EXERCISE DETAILS
Set down the whole listing below exactly. The pictures stay out.

==== GIVEN INFORMATION ====

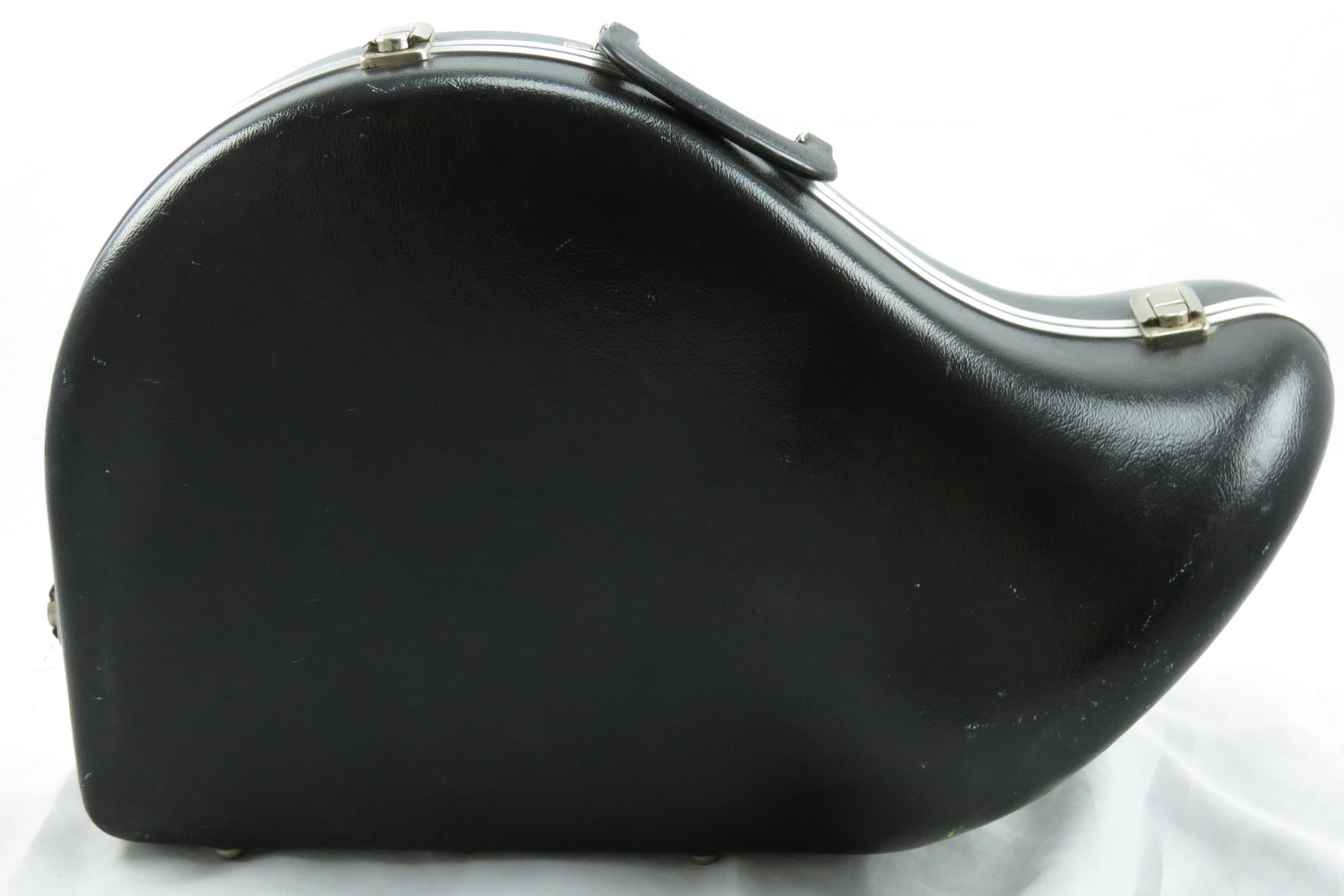 Holton  Used Holton H379 Double French Horn - 6450XX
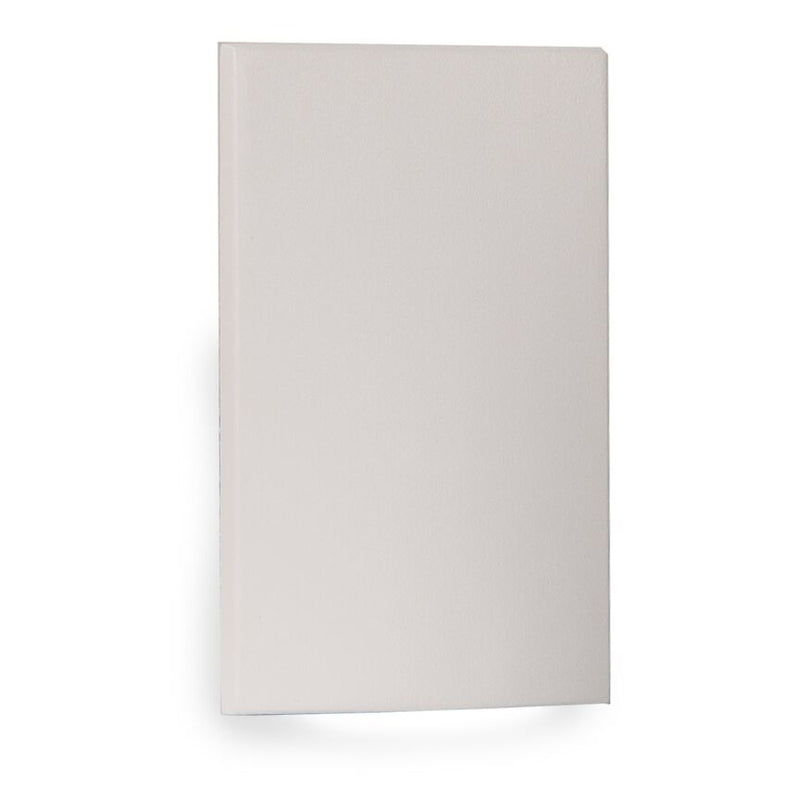 W.A.C. Lighting - WL-LED210-C-WT - White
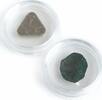 Münzkapsel MAGIC CAPSULES L im 6er Pack - bis 35 mm Durchmesser -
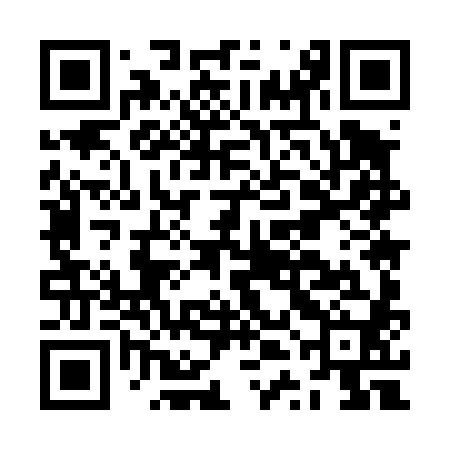 QR code for JTM480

====

SOLUTION TO THE EXERCISE
 Holton  Used Holton H379 Double French Horn - 6450XX
 W.A.C. Lighting - WL-LED210-C-WT - White
 Münzkapsel MAGIC CAPSULES L im 6er Pack - bis 35 mm Durchmesser -
 QR code for JTM480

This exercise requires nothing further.